Aún se desconocen las razones del ataque que destruyó la sensación de seguridad en Japón
Andrés Sánchez Braun / EFE
Multitud de enigmas siguen rodeando los ataques con gas sarín del metro de Tokio cometidos el 20 de marzo de 1995 por Verdad Suprema, secta que aún sobrevive 20 años después captando nuevos adeptos mientras permanece bajo estrecha vigilancia de las autoridades niponas.
Durante la hora punta matutina de aquel fatídico día, cinco miembros de Verdad Suprema (en japonés, «Aum Shinrikyo»), un culto religioso de corte «new age» fundado en 1984, perforaron de manera coordinada varios paquetes de sarín en sendos trenes del metro de Tokio.
Por inhalar este gas nervioso unas 6.300 personas resultaron intoxicadas: 13 de ellas murieron, decenas quedaron en estado casi vegetativo y la mayoría sufre hoy secuelas físicas -pérdida de visión, cansancio crónico o dolorosas y continuas migrañas- además de estrés postraumático.
El periodista y sociólogo Toru Takeda considera que este ataque tuvo en la psique japonesa un impacto mayor que el del estallido de la burbuja financiera de unos años antes, porque lo sucedido en Tokio destruyó la sensación de seguridad y confianza mutua arraigada hasta entonces en el país asiático.
«Nos dimos cuenta por primera vez de que la persona sentada a tu lado puede ser alguien completamente diferente a ti que es capaz de diseminar gas venenoso», explica a Efe.
Tras los atentados, el Ministerio de Justicia descartó en 1997 prohibir la existencia de Aum al considerar que los arrestos de sus líderes ya no la convertían en una amenaza para el Estado japonés.
No obstante, en 1999 se aprobó una norma (conocida como ley «anti-aum»), en virtud de la cual el Gobierno acaba de prorrogar en otros tres años el periodo de vigilancia especial al que se somete a los dos grupos -Aleph y Hikari no wa (Círculo de luz)- en los que se dividió Verdad Suprema en 2007.
Aunque las dos agrupaciones suman apenas 1.650 miembros (una décima parte que hace dos décadas), ambas han logrado captar a unos 150 nuevos adeptos en Japón desde 2012.
Puesto que los miembros entregan todo su patrimonio a la organización al ordenarse, las nuevas adhesiones aparentemente han ayudado a duplicar sus activos monetarios hasta los 5 millones de euros en los tres últimos años.

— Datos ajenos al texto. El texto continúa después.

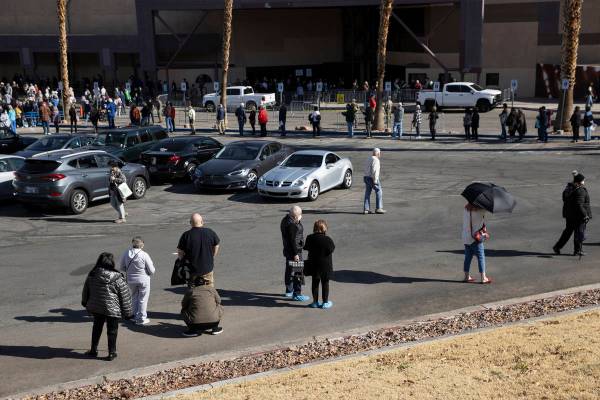 People wait in line to get the COVID-19 vaccine at the Cashman Center in Las Vegas, on Wednesda ...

Pero ante todo, la Inteligencia nipona asegura que, en privado, los dos grupos siguen justificando los ataques de 1995 y guardan lealtad al gurú y fundador de Aum, Shoko Asahara.
Para muchas de las víctimas y sus familiares o para los residentes de los barrios en los que Aleph y Hikari instalan sus residencias o centros de rezo resulta incomprensible que las autoridades sigan permitiendo su existencia.
Tampoco ayuda el que 20 años de juicios no hayan aclarado cómo y por qué lo que empezó como un simple seminario de yoga pasó en apenas una década a convertirse en una organización que secuestraba y asesinaba a opositores, fabricaba armas químicas o poseía un helicóptero militar ruso.
«En los juicios, que se celebran con jurado popular, se tratan los delitos en sí, pero no se habla del contexto que permitió la expansión de Verdad Suprema», denunciaba la semana pasada en Tokio, Shizue Takahashi, cuyo marido Kazumasa fue uno de los empleados de la estación de Kasumigaseki que murió tras retirar uno de los paquetes de sarín del interior de un vagón.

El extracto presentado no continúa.